The Online Divisive-Agglomerative Clustering (ODAC)1 aims at continuously maintaining a hierarchical cluster structure from evolving time series data streams.

The distance between time-series a and b is given by rnomc(a, b) = sqrt((1 - corr(a, b)) / 2), where corr(a, b) is the Pearson Correlation coefficient. If the cluster has only one time-series, the diameter is given by the time-series variance. The cluster's diameter is given by the largest distance between the cluster's time-series.

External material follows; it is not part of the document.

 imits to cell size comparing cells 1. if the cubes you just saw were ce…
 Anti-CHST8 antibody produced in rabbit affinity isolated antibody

ODAC continuously monitors the evolution of diameters, only of the leaves, and splits or merges them by gathering more data or reacting to concept drift - a confidence level from the Hoeffding bound supports such changes.

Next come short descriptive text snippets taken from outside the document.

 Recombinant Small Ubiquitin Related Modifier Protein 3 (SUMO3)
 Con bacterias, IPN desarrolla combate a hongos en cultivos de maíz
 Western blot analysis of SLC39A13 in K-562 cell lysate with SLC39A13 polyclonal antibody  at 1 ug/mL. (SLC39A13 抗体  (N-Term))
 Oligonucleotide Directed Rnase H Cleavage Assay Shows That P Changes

So, the split operator, where the Hoeffding bound is applied, occurs when the difference between the largest distance (diameter) and the second largest difference is greater than a constant. Furthermore, the merge operator checks if one of the cluster's children has a diameter bigger than their parent - applying the Hoeffding bound again.

Parameters

  • confidence_level

    Typefloat

    Default0.9

    The confidence level that user wants to work.

  • n_min

    Typeint

    Default100

    Number of minimum observations to gather before checking whether or not clusters must be split or merged.

  • tau

    Typefloat

    Default0.1

    Threshold below which a split will be forced to break ties.

Attributes

  • structure_changed (bool)

    This variable is true when the structure changed, produced by splitting or aggregation.

Examples

from river import cluster
from river.datasets import synth

model = cluster.ODAC()

dataset = synth.FriedmanDrift(drift_type='gra', position=(150, 200), seed=42)

for i, (x, _) in enumerate(dataset.take(500)):
    model.learn_one(x)
    if model.structure_changed:
        print(f"Structure changed at observation {i + 1}")
Structure changed at observation 1
Structure changed at observation 100
Structure changed at observation 200
Structure changed at observation 300

print(model.render_ascii())
ROOT d1=0.79 d2=0.76 [NOT ACTIVE]
├── CH1_LVL_1 d1=0.74 d2=0.72 [NOT ACTIVE]
│   ├── CH1_LVL_2 d1=0.08 [3]
│   └── CH2_LVL_2 d1=0.73 [2, 4]
└── CH2_LVL_1 d1=0.81 d2=0.78 [NOT ACTIVE]
    ├── CH1_LVL_2 d1=0.73 d2=0.67 [NOT ACTIVE]
    │   ├── CH1_LVL_3 d1=0.72 [0, 9]
    │   └── CH2_LVL_3 d1=0.08 [1]
    └── CH2_LVL_2 d1=0.74 d2=0.73 [NOT ACTIVE]
        ├── CH1_LVL_3 d1=0.71 [5, 6]
        └── CH2_LVL_3 d1=0.71 [7, 8]

You can acess some properties of the clustering model directly:

model.n_clusters
11

model.n_active_clusters
6

model.height
3

These properties are also available in a summarized form:

model.summary
{'n_clusters': 11, 'n_active_clusters': 6, 'height': 3}

Methods

draw

Method to draw the hierarchical cluster's structure as a Graphviz graph.

Parameters

  • max_depth'int | None' — defaults to None
  • show_clusters_info'list[typing.Hashable]' — defaults to ['timeseries_names', 'd1', 'd2', 'e']
  • n_decimal_places'int' — defaults to 2

learn_one

Update the model with a set of features x.

Parameters

  • x'dict'

predict_one

This algorithm does not predict anything. It builds a hierarchical cluster's structure.

Parameters

  • x'dict'

render_ascii

Method to render the hierarchical cluster's structure in text format.

Parameters

  • n_decimal_places'int' — defaults to 2


  1. P. P. Rodrigues, J. Gama and J. Pedroso, "Hierarchical Clustering of Time-Series Data Streams" in IEEE Transactions on Knowledge and Data Engineering, vol. 20, no. 5, pp. 615-627, May 2008, doi: 10.1109/TKDE.2007.190727.